War was launched against China after the Marco Polo Bridge Incident of July 7, 1937, in which an allegedly unplanned clash took place near Beiping (as Beijing was then called) between Chinese and Japanese troops and quickly escalated into full-scale warfare. The Second Sino-Japanese War (1937-45) ensued, and relations with the United States, Britain, and the Soviet Union deteriorated.
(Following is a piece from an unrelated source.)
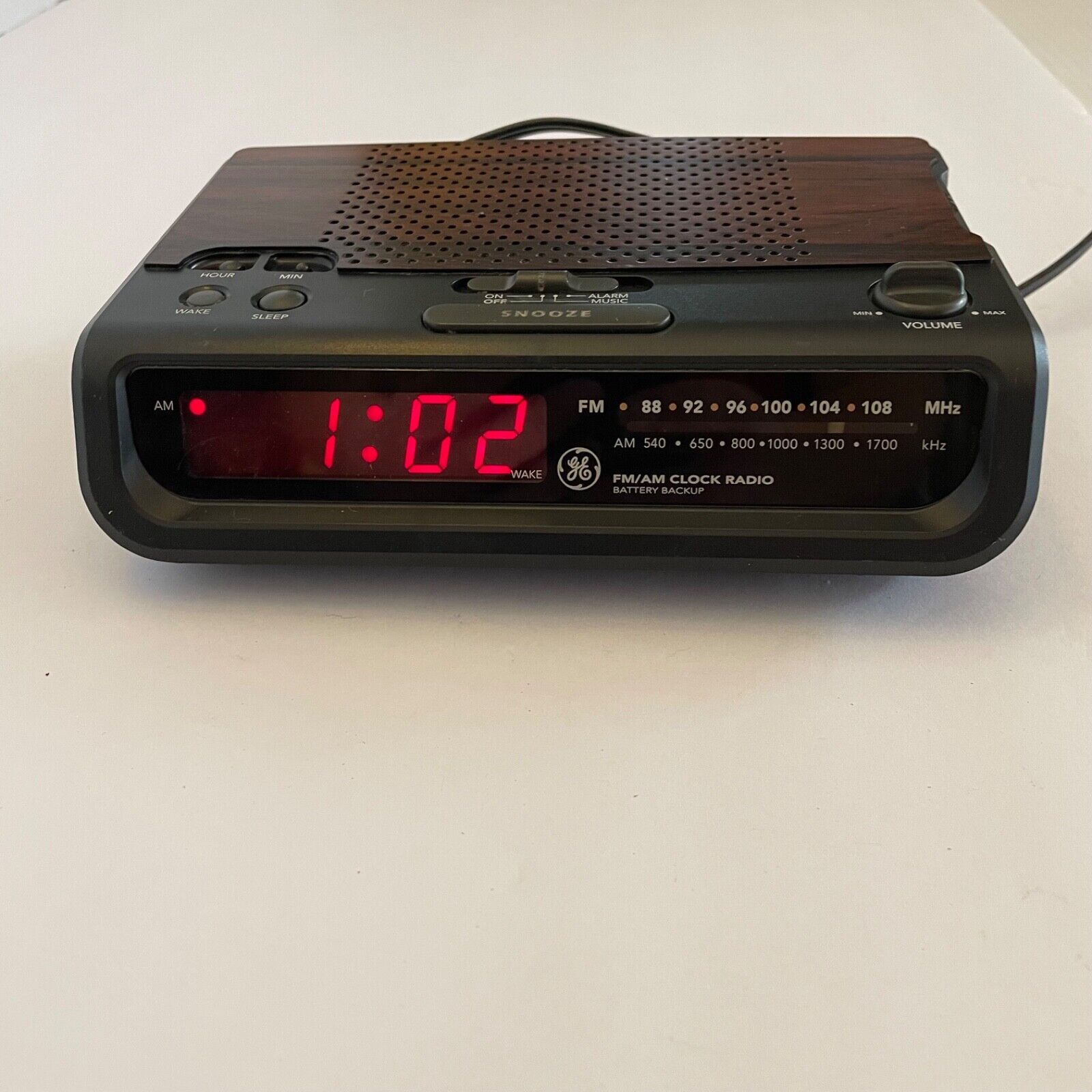 Vintage GE Alarm Clock Radio 7-4613D AM/FM Wood Grain Retro Tested WORKS *READ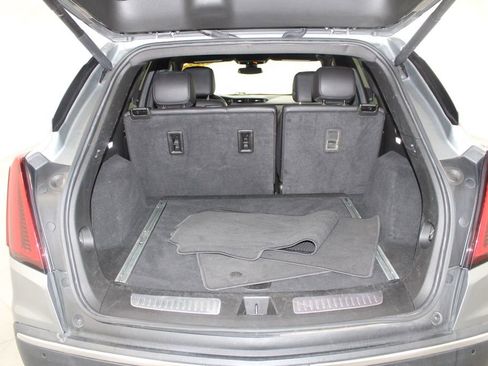 Used 2023 Cadillac XT5 Premium Luxury image 14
The Chinese resistance stiffened after July 7, 1937, when a clash occurred between Chinese and Japanese troops outside Beijing (then renamed Beiping) near the Marco Polo Bridge. This skirmish not only marked the beginning of open, though undeclared, war between China and Japan but also hastened the formal announcement of the second Guomindang-CCP united front against Japan. The collaboration took place with salutary effects for the beleaguered CCP. The distrust between the two parties, however, was scarcely veiled. The uneasy alliance began to break down after late 1938, despite Japan's steady territorial gains in northern China, the coastal regions, and the rich Chang Jiang Valley in central China. After 1940, conflicts between the Nationalists and Communists became more frequent in the areas not under Japanese control. The Communists expanded their influence wherever opportunities presented themselves through mass organizations, administrative reforms, and the land- and tax-reform measures favoring the peasants--while the Nationalists attempted to neutralize the spread of Communist influence...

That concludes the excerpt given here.